By now, everyone from South Carolina to New England is tracking the cone of possibilities of Hurricane Irene. Will she tack west or go east? Whatever path she takes, it seems pretty certain that a lot of folks are going to get drenched and some may lose power, suffer flooding or worse. A power outage can affect the safety of your food supply but there are some things you can do now to prepare for that possibility.
The U.S. Department of Agriculture recommends that you keep ice on hand or know where to get it should you lose power. If you don’t have a generator, here is what else to do:
- Put an appliance thermometer in the refrigerator and freezer. That way you’ll know the temperature if the power goes out.
- Make sure the freezer is set at 0 degrees F or below and the refrigerator is at 40 degrees F or below.
- Group food together in the freezer — this helps it stay cold longer.
- Use any extra space to freeze containers of water for ice to help keep food cold in the freezer, refrigerator or coolers.
- Freeze gel packs ahead of time for use in coolers.
- Freeze refrigerated items such as leftovers, milk and fresh meat and poultry that you may not need immediately — this helps keep them at a safe temperature longer.
- Plan ahead and know where dry ice and block ice can be purchased.
- Have coolers on hand to keep refrigerator food cold if the power will be out for more than four hours.
- Store food on shelves that will be safely out of the way of contaminated water in case of flooding.
If you do lose power:
- Keep the refrigerator and freezer doors closed as much as possible to maintain the cold temperature.
- If unopened, the refrigerator will keep food safely cold for about four hours.

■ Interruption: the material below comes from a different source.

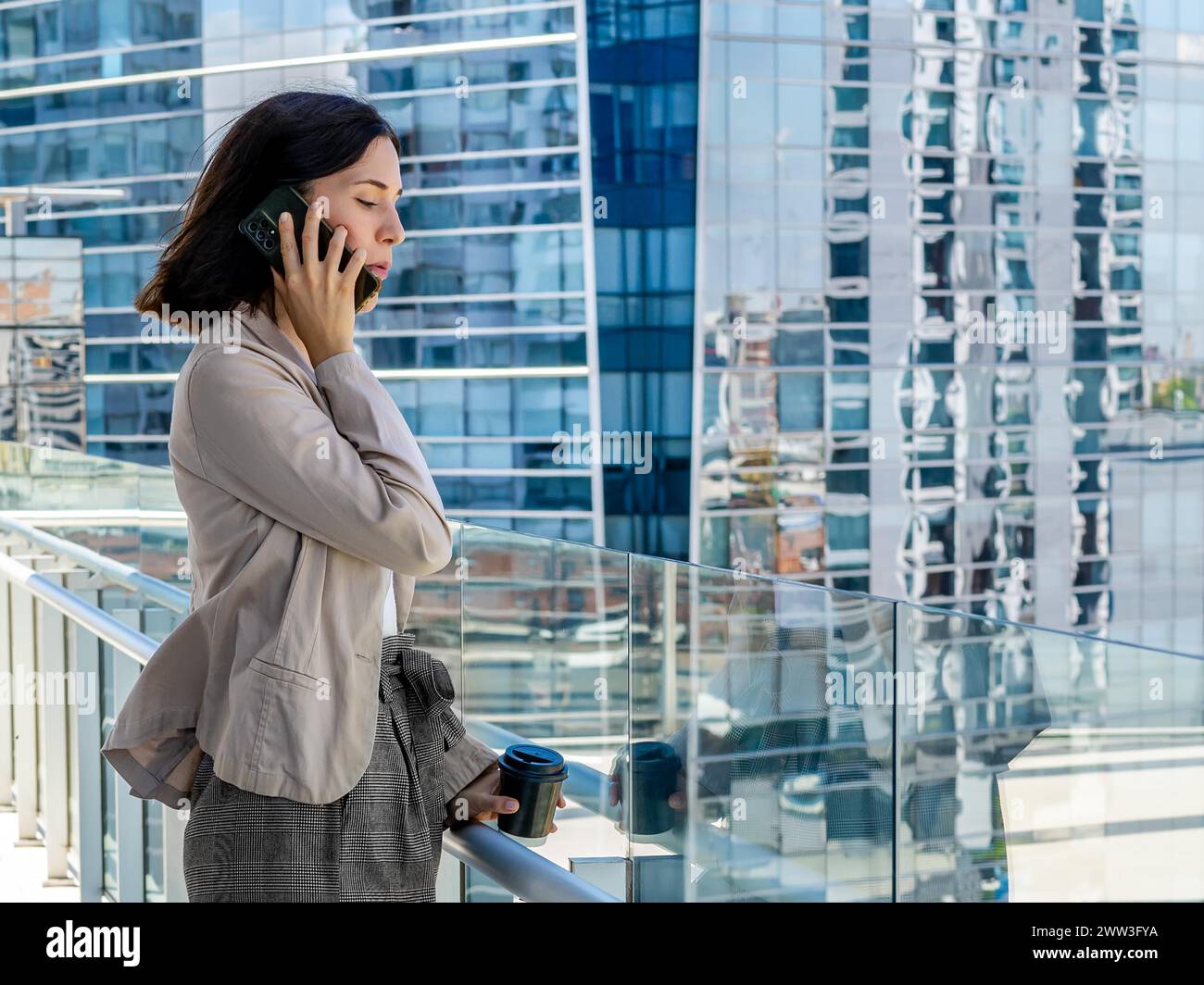 Una donna è in piedi su un balcone, tenendo una tazza di caffè di carta e parlando al cellulare durante la pausa di ufficio Foto Stock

A full freezer will hold the temperature for approximately 48 hours (24 hours if it is half full) and the door remains closed.
- Discard refrigerated perishable food such as meat, poultry, fish, soft cheeses, milk, eggs, leftovers and deli items after four hours without power.
- Food may be safely refrozen if it still contains ice crystals or is at 40 degrees F or below when checked with a food thermometer.
- Buy dry ice if you think the power will be out for a prolonged period. Fifty pounds of dry ice should hold an 18-cubic-foot freezer for two days.
- If the power has been out for several days, check the temperature of the freezer with an appliance thermometer. If the appliance thermometer reads 40 degrees F or below, the food is safe to refreeze.
- If a thermometer has not been kept in the freezer, check each package of food to determine its safety. If the food still contains ice crystals, the food is safe.
- Discard any food that is not in a waterproof container if there is any chance that it has come into contact with flood water.
Finally, the USDA says, never taste a food to determine its safety and, when in doubt, throw it out.